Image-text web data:
------------------------------------------------
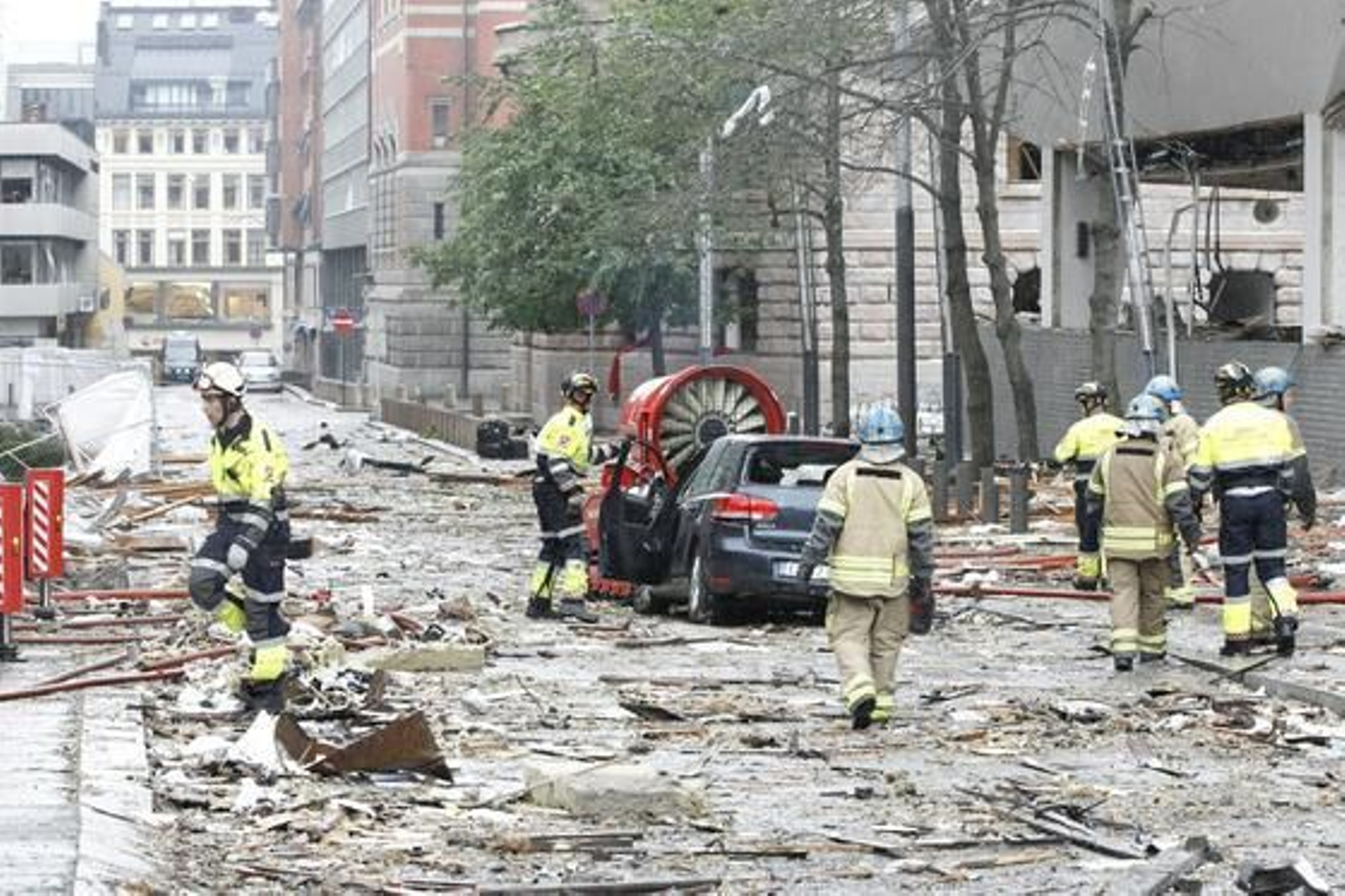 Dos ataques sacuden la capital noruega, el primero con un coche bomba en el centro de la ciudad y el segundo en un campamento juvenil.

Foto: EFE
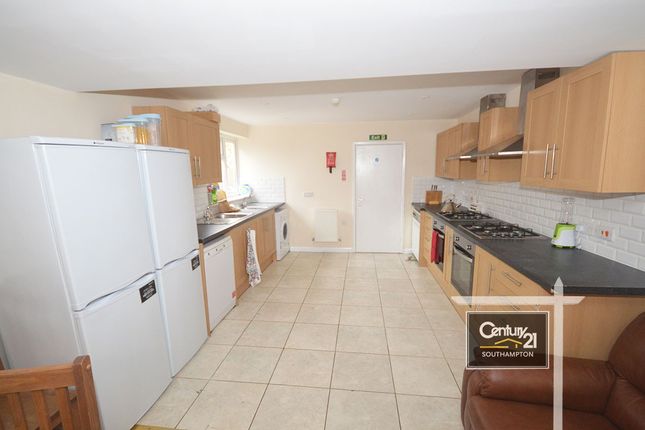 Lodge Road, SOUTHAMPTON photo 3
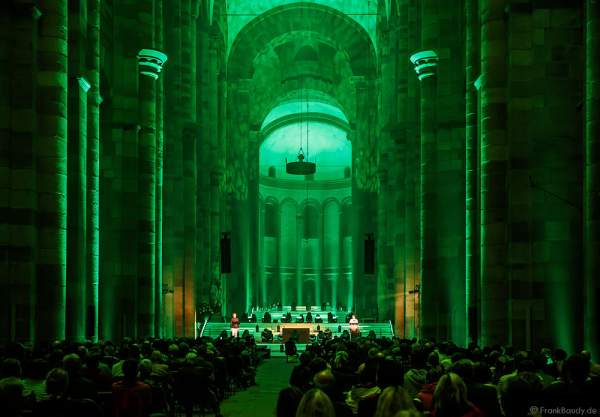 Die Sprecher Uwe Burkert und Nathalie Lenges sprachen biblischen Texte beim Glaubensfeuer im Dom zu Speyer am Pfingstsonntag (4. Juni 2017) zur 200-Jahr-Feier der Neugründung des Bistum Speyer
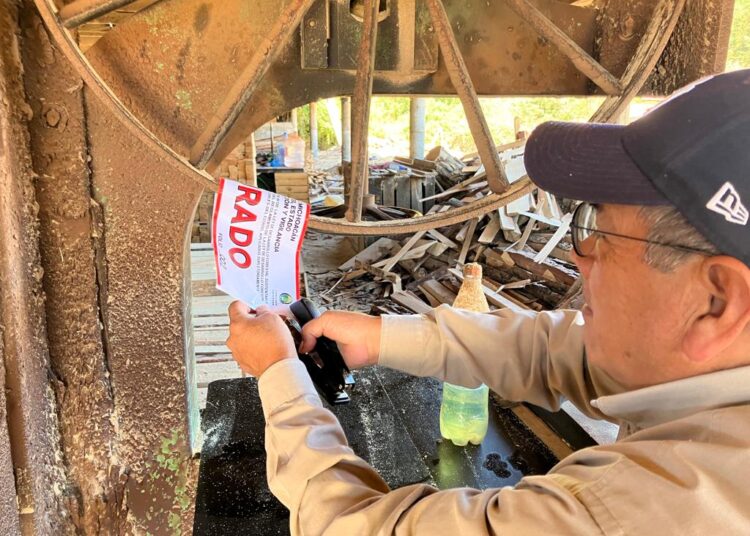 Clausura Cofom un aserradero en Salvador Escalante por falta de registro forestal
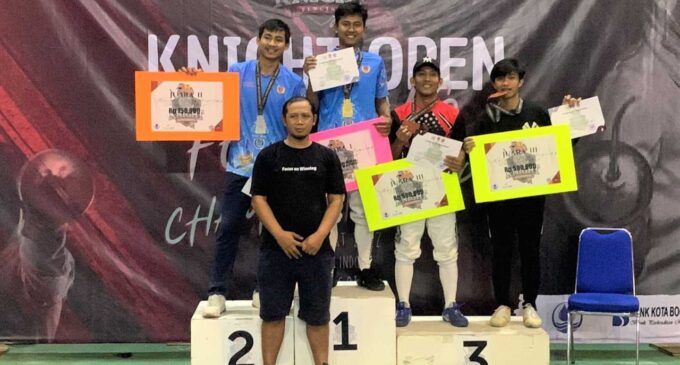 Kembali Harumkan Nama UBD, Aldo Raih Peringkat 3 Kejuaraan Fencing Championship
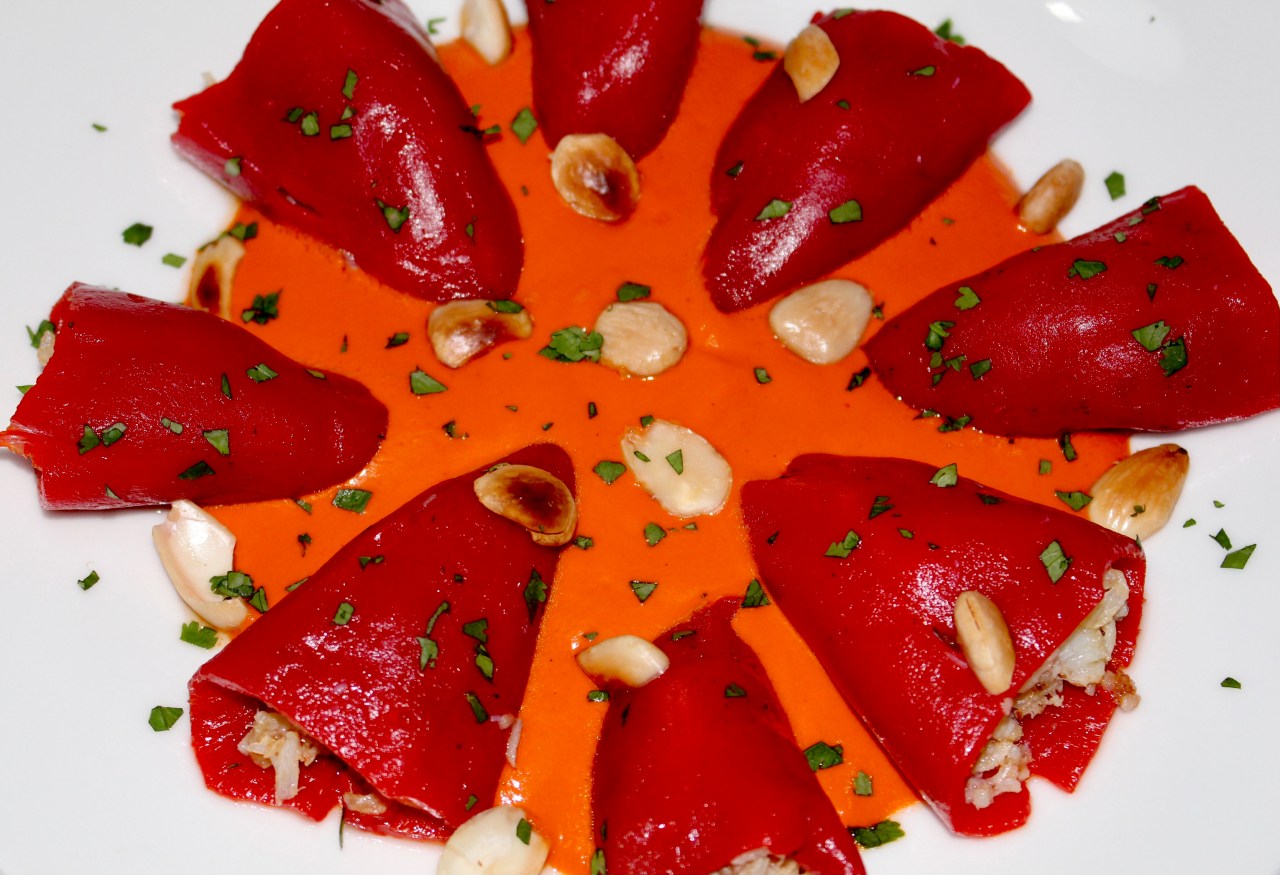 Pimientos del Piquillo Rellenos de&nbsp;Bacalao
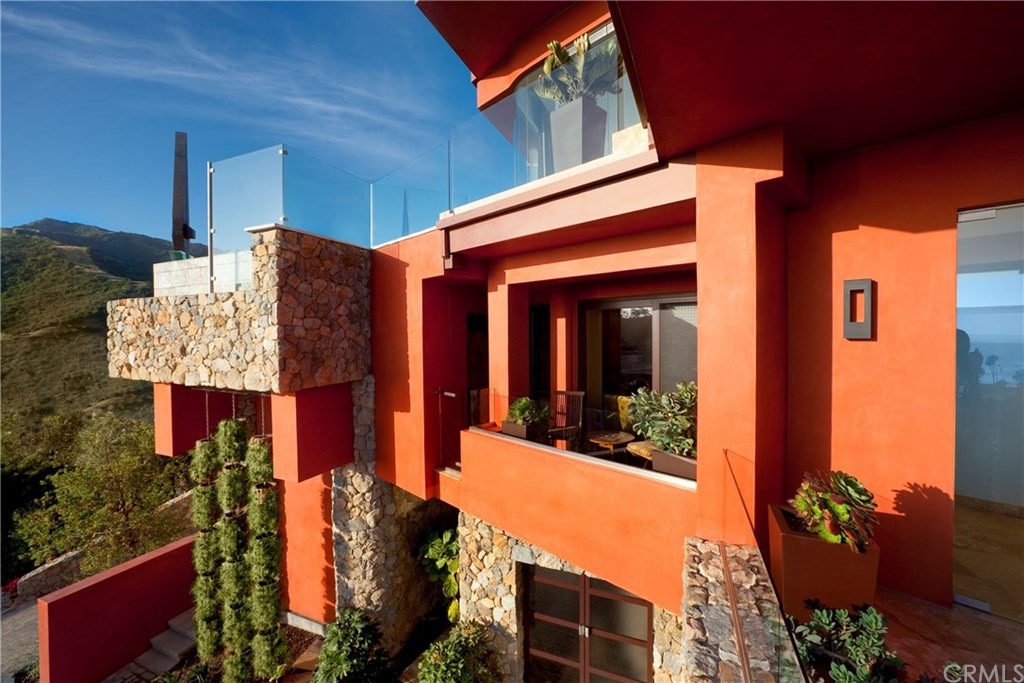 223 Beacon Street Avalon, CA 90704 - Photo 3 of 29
------------------------------------------------
- Task
No picture should be included when the data are set down again exactly.

- Result of this exercise
 Dos ataques sacuden la capital noruega, el primero con un coche bomba en el centro de la ciudad y el segundo en un campamento juvenil.

Foto: EFE
 Lodge Road, SOUTHAMPTON photo 3
 Die Sprecher Uwe Burkert und Nathalie Lenges sprachen biblischen Texte beim Glaubensfeuer im Dom zu Speyer am Pfingstsonntag (4. Juni 2017) zur 200-Jahr-Feier der Neugründung des Bistum Speyer
 Clausura Cofom un aserradero en Salvador Escalante por falta de registro forestal
 Kembali Harumkan Nama UBD, Aldo Raih Peringkat 3 Kejuaraan Fencing Championship
 Pimientos del Piquillo Rellenos de&nbsp;Bacalao
 223 Beacon Street Avalon, CA 90704 - Photo 3 of 29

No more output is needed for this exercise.